The Fire this Time
Behind the bright flash of flame is something deeper and more lasting.
By Errol T. Louis
Photography by David Katz
(page 1 of 7)
Barack Obama is a man on fire. the 45-year-old senator from illinois has only been in office two years, but he holds the hottest hand in American politics—and he’s playing to win. Polls consistently rank Obama second only to Hillary Clinton as the favorite among Democrats to run for president in 2008—ahead of the last two Democratic candidates, John Kerry and Al Gore. He burst on the national scene in 2004 by delivering an electrifying keynote address called “The Audacity of Hope” to the Democratic National Convention—and followed it up this year with a book by the same title that instantly shot to the top of the New York Times bestseller list, with 182,000 copies sold in the first two weeks and 860,000 copies in circulation within a month.
Earlier this year, Obama even won a Grammy for Best Spoken Word for his reading of the audio edition of his first book, a personal memoir called Dreams From My Father that was also a no.1 Times bestseller.
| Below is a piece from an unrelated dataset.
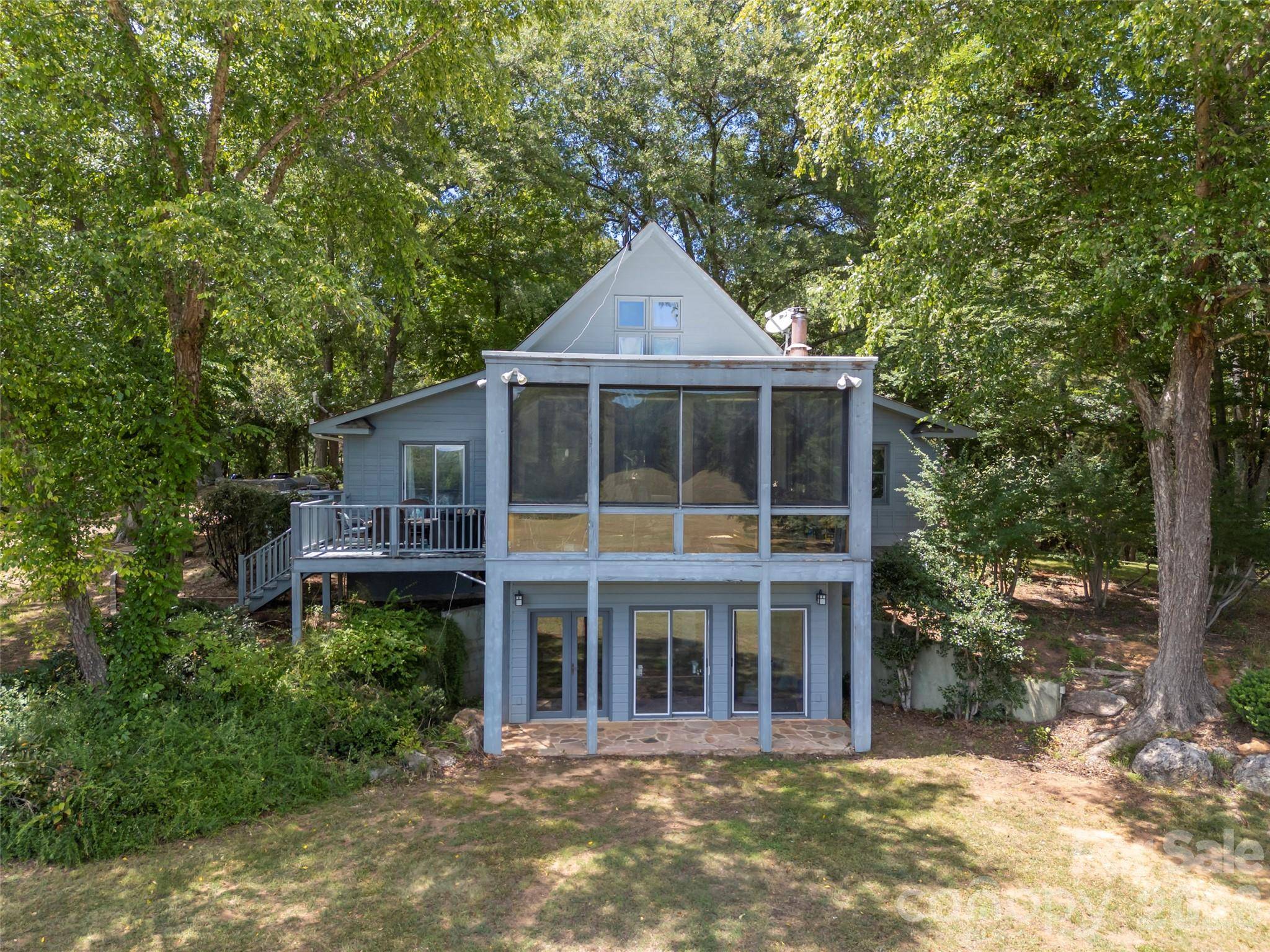 140 Joanda Farm RD, Mooresboro, NC 28114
The senator beat out media pros including Garrison Keillor, Sean Penn and George Carlin to grab the award.
You get the picture. Everything the man touches turns to gold— with the possible exception of a golf club, it seems. Two years after winning a long-shot race in Illinois, Obama has become part of the national culture. Time magazine put him on its cover, and he is a fixture on national television, popping up on Oprah, holding forth on American foreign policy on cnn—and telling adoring crowds that he won’t rule out seeking the Oval Office in 2008.
Behind the bright flash of flame is something deeper and more lasting. Obama represents the coming of age—and the rising power and influence—of a post-civil-rights generation of Black leaders. Born outside the confines of racial segregation and schooled alongside the nation’s elites, the new leaders have the talent, confidence and credentials to break into places their predecessors could only dream about. The new crowd was too young to participate in the Civil Rights Movement, but they are more than ready to reap its rewards.
Obama is the only African-American man in the 100-member Senate, and only the third to ever be elected to that body. He represents many things to many people, but for young and rising Black professionals he stands for the idea that all the long hours at the office, all the hard work, all the frantic networking, and career setbacks and personal frustrations have not been in vain. The idea that greatness, whether personal or collective, is not only possible, but inevitable. And maybe just around the corner.